The same thing is true with respect to the black/white wage gaps. Blacks earn less than whites, and many people believe that the reason they do so is because they're less skilled. Nevertheless, during the 1980s, the black/white wage differential was stable. It didn't widen as people had predicted it might.
Another trend that didn't fit with the SBTC hypothesis concerns the relative wages of people with different bachelor's degrees. There are a couple of different data sets that collect starting salaries for newly minted B.A.s. What these data show is quite remarkable. Everyone knows that the average wage of young college graduates went up over the 1980s. It wasn't the case, however, that the gains were most pronounced in engineering or science. They were actually greater for graduates in the humanities, which doesn't seem consistent with the idea that there is increasing demand for technically proficient, computer-savvy people.

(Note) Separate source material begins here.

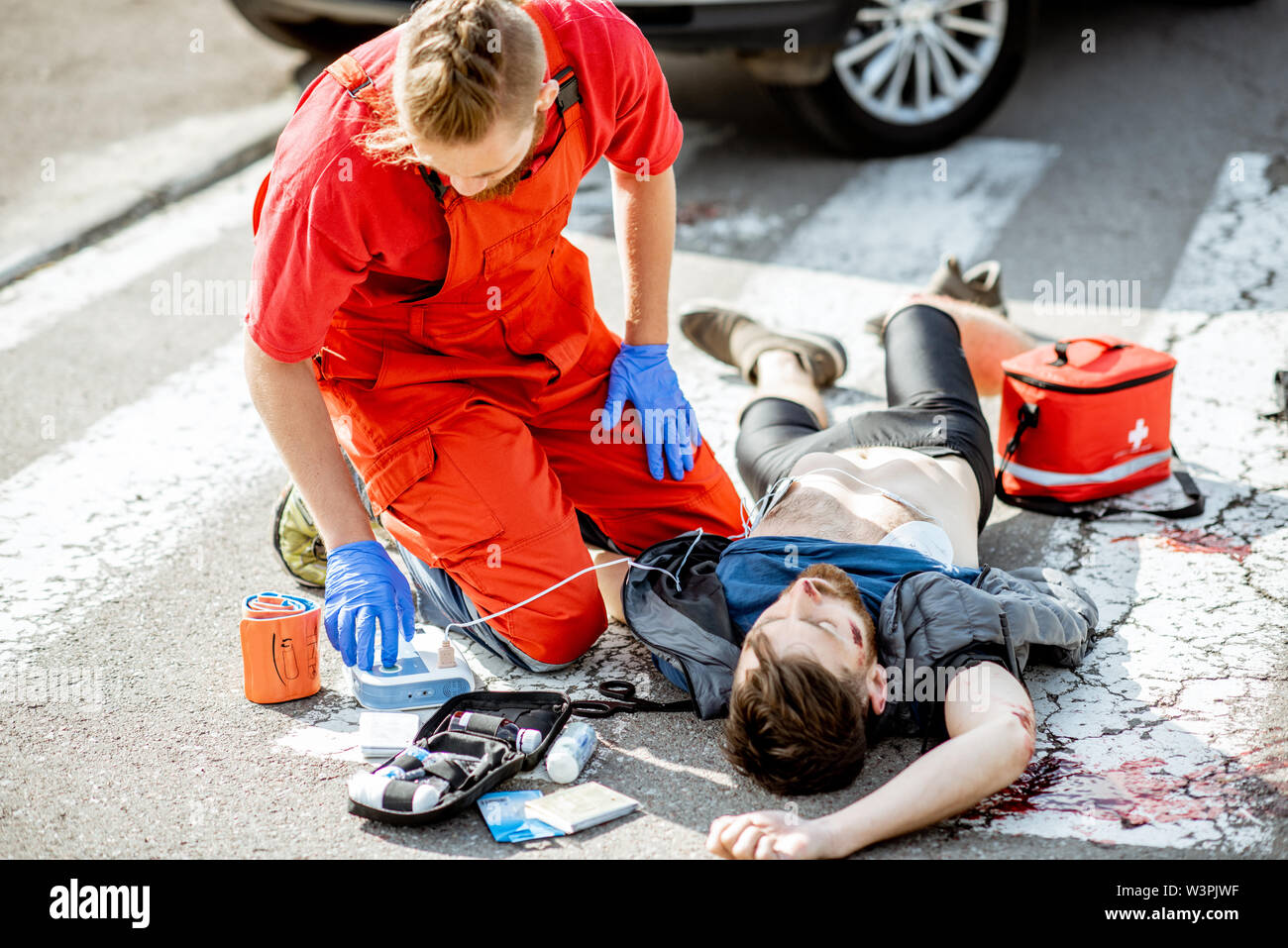 Ambluence Arbeiter, die Notfallversorgung mit Defibrillator auf den Verletzten blutender Mann liegen auf dem Fußgängerüberweg Stockfoto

...A final puzzle concerned the age structure of the increases in the relative wages of college versus high school graduates. Wages of young college-educated workers rose relative to young high school workers, but for people over age 40 or so, there really wasn't any change in the high school/college premium.
The moral for economists is that theory is a useful thing, but the real issue is whether the theory is in agreement with reality. If it isn't, then it's the theory that needs to be revised.